YOUR INSTRUCTIONS: Although the records contain pictures, only their text should be reproduced, exactly as written.

ENTRIES SUPPLIED:
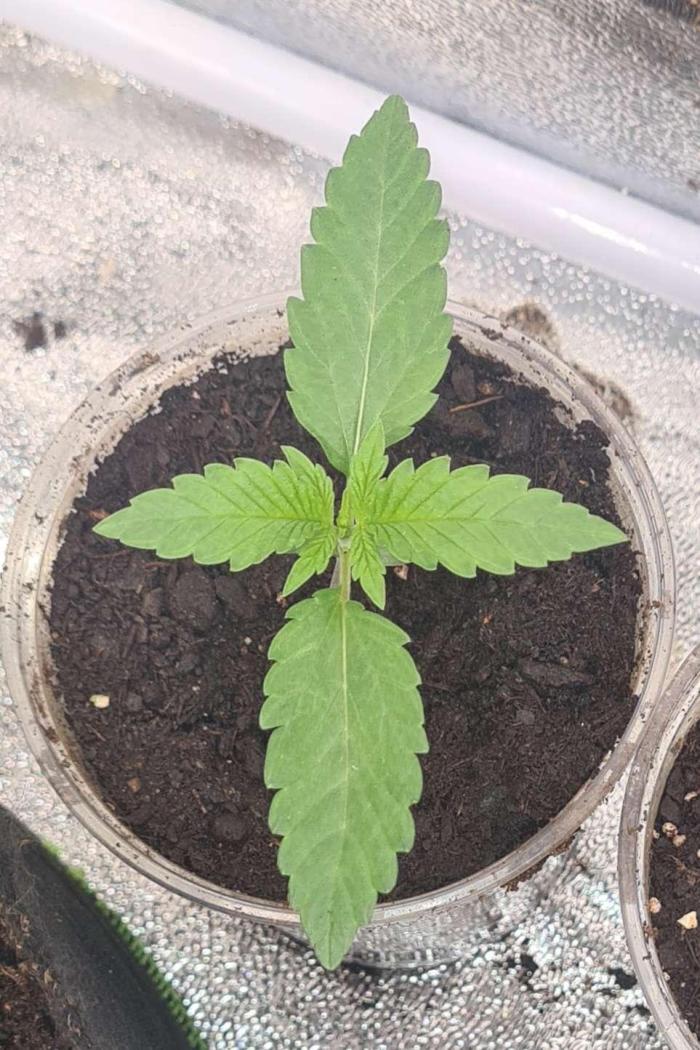 VzH / Cookies Companion. Week 2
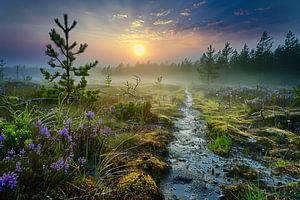 Tagesbeginn im Wald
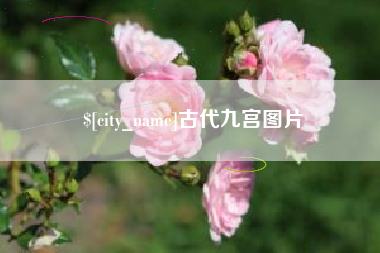 常宁古代九宫图片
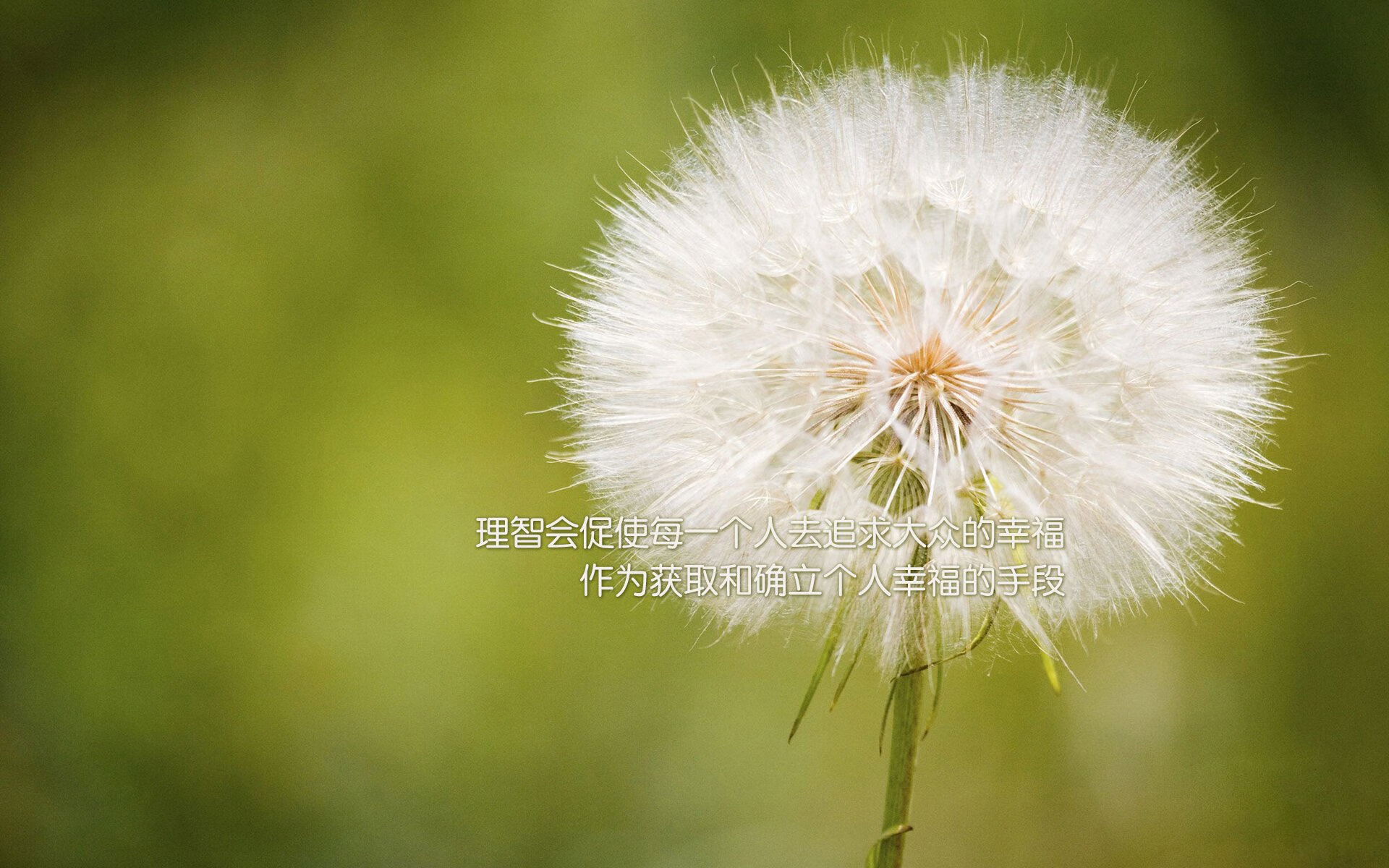 天命独行,2026世界杯,罗德里戈一剑封喉,哥伦比亚绝杀英格兰的永恒瞬间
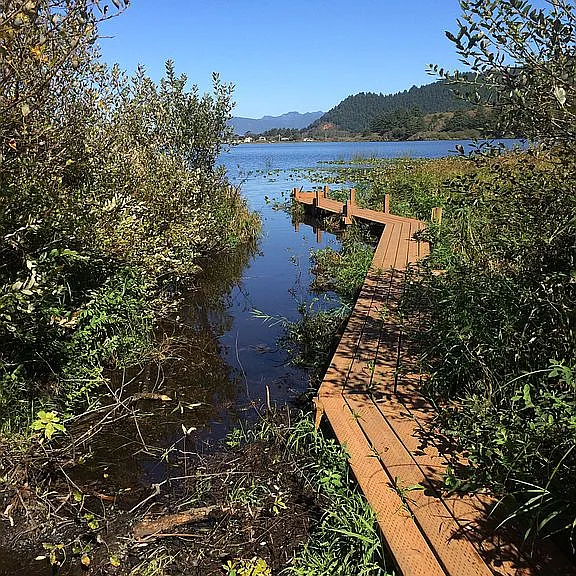 A Boardwalk to Lake Lytle, Steps From a Seven-Mile Ocean Beach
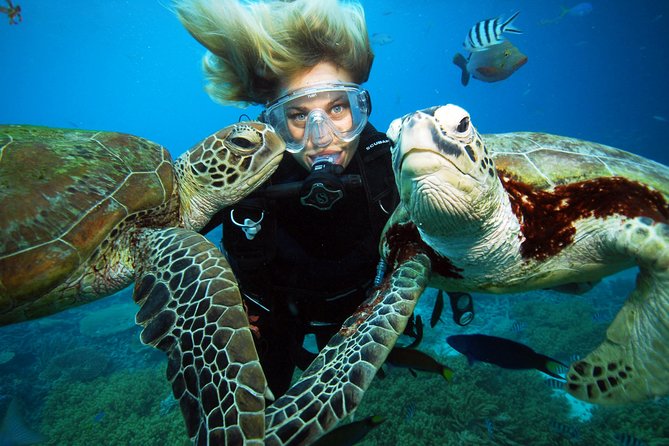 Sunlover Reef Cruises Cairns Great Barrier Reef Experience - Check-in Procedures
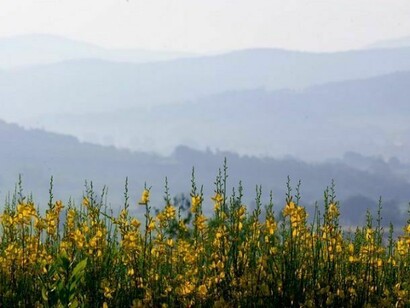 In the middle of nature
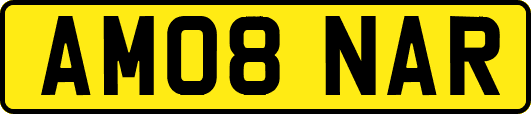 AM08NAR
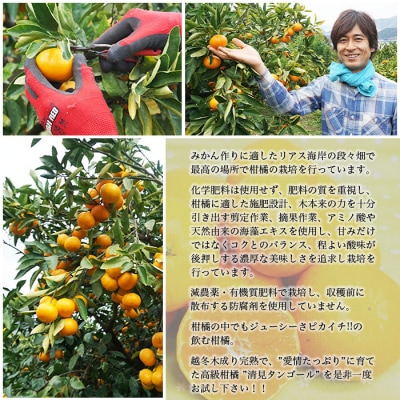 <カネエの西宇和産　越冬完熟ニューサマーオレンジ 3kg>　柑橘　フルーツ　果物　西予　家庭用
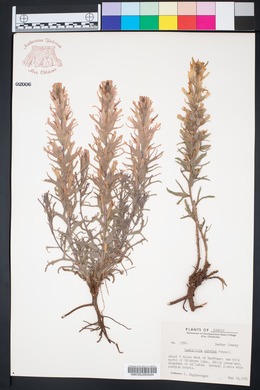 Castilleja citrina image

SOLUTION TO THIS EXERCISE:
 VzH / Cookies Companion. Week 2
 Tagesbeginn im Wald
 常宁古代九宫图片
 天命独行,2026世界杯,罗德里戈一剑封喉,哥伦比亚绝杀英格兰的永恒瞬间
 A Boardwalk to Lake Lytle, Steps From a Seven-Mile Ocean Beach
 Sunlover Reef Cruises Cairns Great Barrier Reef Experience - Check-in Procedures
 In the middle of nature
 AM08NAR
 <カネエの西宇和産　越冬完熟ニューサマーオレンジ 3kg>　柑橘　フルーツ　果物　西予　家庭用
 Castilleja citrina image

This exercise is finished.